Updated on September 9, 2011

rating:

2 out of 5 stars

Before there was Borat, there was Ali G.

Released in 2002, Ali G Indahouse was the first of three films featuring the three characters from Sacha Baron Cohen's TV series, Da Ali G Show--the other two films being 2006's Borat: Cultural Learnings of America for Make Benefit Glorious Nation of Kazakhstan and 2009's BrĂ¼no. Unlike the latter two films, which used the unscripted man-on-the-street format of the TV show, Ali G Indahouse suffers from using a script.

The story is mostly contrived. Alistair Leslie Graham, who goes by his wannabe name, Ali G, is a white kid from the London suburb of Staines who wants desperately to be black.
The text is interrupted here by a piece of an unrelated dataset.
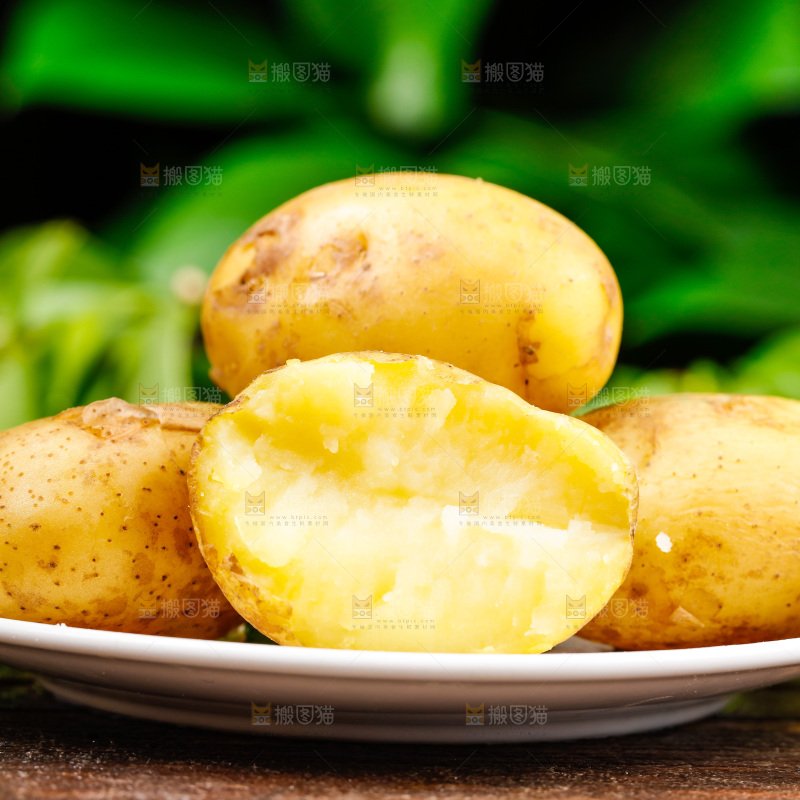 深底上的黄心土豆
He lives with his grandma and has a girlfriend he calls Me Julie. When the government threatens to close down the center where he teaches a group of boy scouts how to be gangstas (scenes of wasted comedic potential), Ali G goes on a hunger strike outside Parliament to protest. The hunger strike quickly ends when the reporters covering the event tempt him with some KFC. Ali G is then recruited by a conniving Member of Parliament, David Carlton, to run for the representative from Staines. Carlton's plan is for Ali G to fail miserably, embarrassing the Prime Minister (Michael Gambon, Dumbledore from all but the first two Harry Potter films), causing the PM to be ousted in a no-confidence vote, clearing the way for Carlton to become PM. Contrary to Carlton's plans, however, Ali G proves to be wildly popular by "keeping it real." The PM's approval rating soars, and Ali G becomes the PM's adviser. Of course Carlton isn't going to sit by idly while this happens.

The movie falls back on lazy, juvenile humor. Most of the jokes are stillborn and fall flat. What made the TV show so wildly funny--playing off the character with interview subjects who weren't in on the joke--is completely absent from the movie. The movie does have some good moments, such as when Ali and the gang break into the PM's residence and have to break dance through an Entrapment-inspired security system criss-crossed with laser beams. And there is some funny commentary on modern society, such as when Ali has to clarify over the phone an indecipherable message he texted in shorthand.

But without an unwitting victim, Ali G just isn't very funny. Luckily Cohen learned his lesson from this film, and stuck to the format that made his show so funny in the inspired comedy Borat.